It's been awhile since I journaled (not a verb but making it so). Probably not a good way to start off but whatever it gives some context how far I've stopped journaling. 

Currently I am still in the down low. I signed up for HIC but didn't finish when AT for drill came about and cut my flow. HIC also cut my flow while I got back to RP on Discord again with so much consistency for HTC. I was also attending Kumite and following along every post.

Next, I wasted my life and time falling deeper into depression. Working for Amazon, Zodiac, and "new" drill unit in Austin. 

Speaking of drill I was pulled randomly at every angle on random days to do some random stuff like going up there early for 2 days before drill just to do a promotion interview... Wasted money on motels and eating out daily. Also had RSP in Houston but didn't make the cut.

Furthermore I became more anxious and depressed and still not knowing what to do for my new position in Austin. I also didn't talk to anyone there. They are good leaders but I just felt I didn't fit in and wasted so much time sitting around not being able to do much.

It's insane to think of this waiting pattern/habit I've gotten myself into... I got a sheep mentality and I'm in a leadership role. Waiting tables I waited. Working for Amazon I waited and now the Army I waited... I WAITED AS MY LIFE PASS ME BY!!! 

I'm an impatient person (ambitious/ruby) yet I live and work with people who require me to be a waiting sheep to the slaughter! Lol.

Really I've been having so much judgmental thoughts on my surroundings and negative thoughts of myself that it doesn't stop and prevents me from doing anything.

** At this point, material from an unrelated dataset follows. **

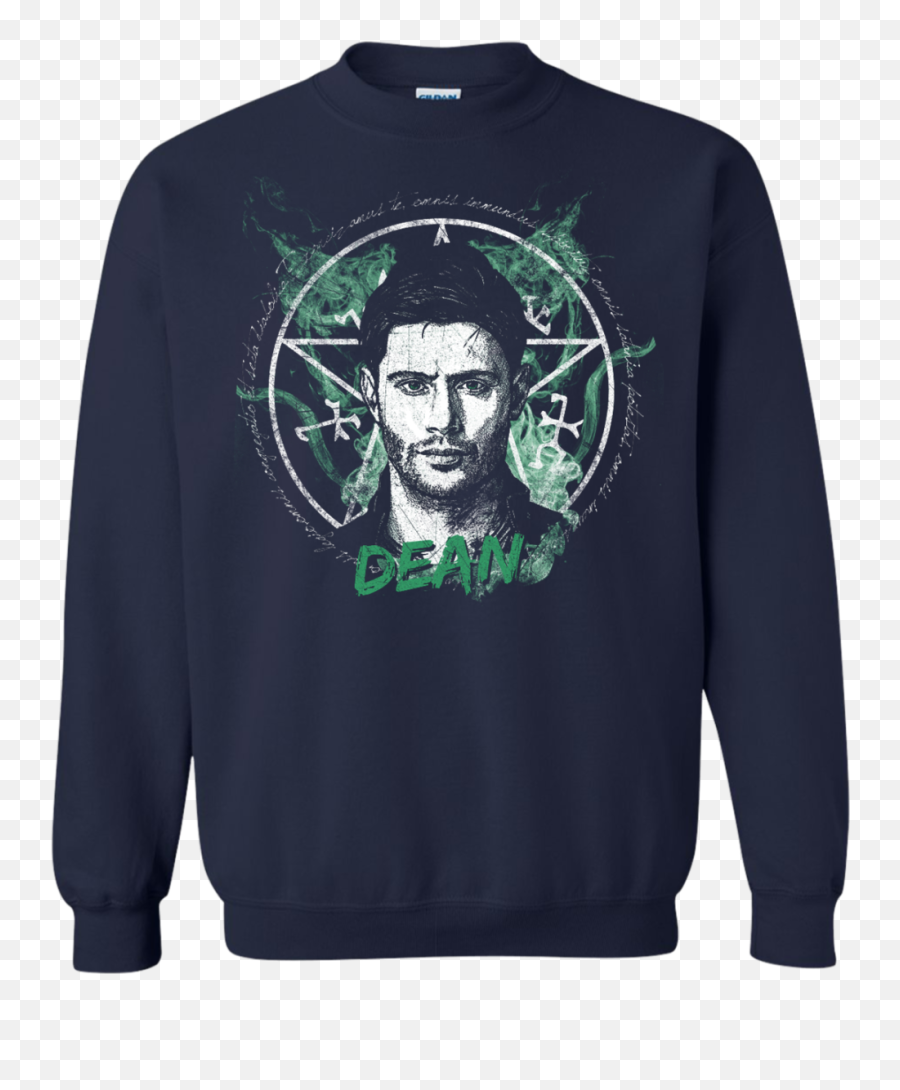 Dean Winchester Shirts Hoodies - Dean Winchester Png,Dean Winchester Png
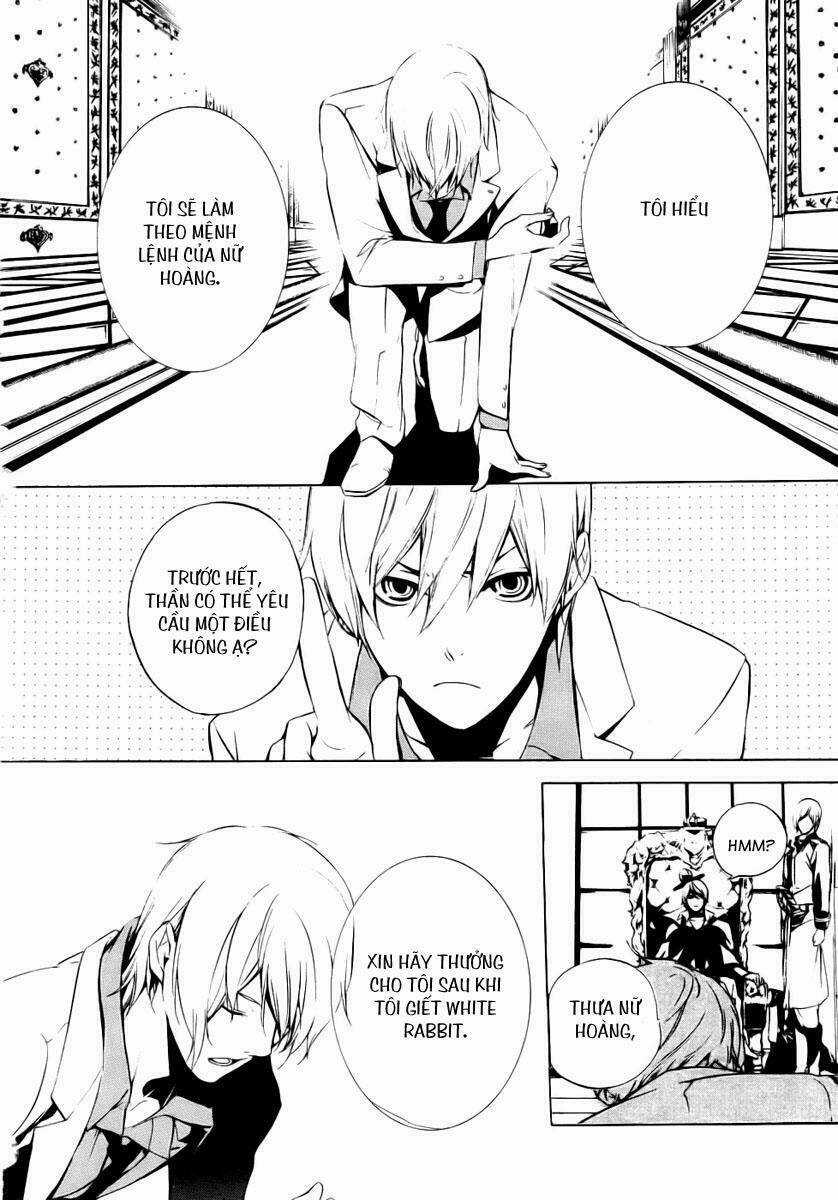 Are you Alice? - Chapter 3 - Trang 22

Funny how the word judgmental has the word mental in it. 

Anyways I realized how the Army has always prevented me from accomplishing any of my civilian endeavors (HTC, Luxury car sales, HIC, applying to jobs). It pisses me off to be a part-time soldier that I'm done with it all. 

I also failed the promotion board and was super anxious that I couldn't speak correctly. I told them I want outs. Luckily I was heard and I now my next move is to do the paperwork and talk to my unit about quiting. I have to convince them the sooner the better. I'm done with dealing with BS.

I struggled to decide which DM course to take and finally took action in a more practical safer route with more testimonials - Seth's course. I have been putting that off too. Mental health is really important. Environment is really important too.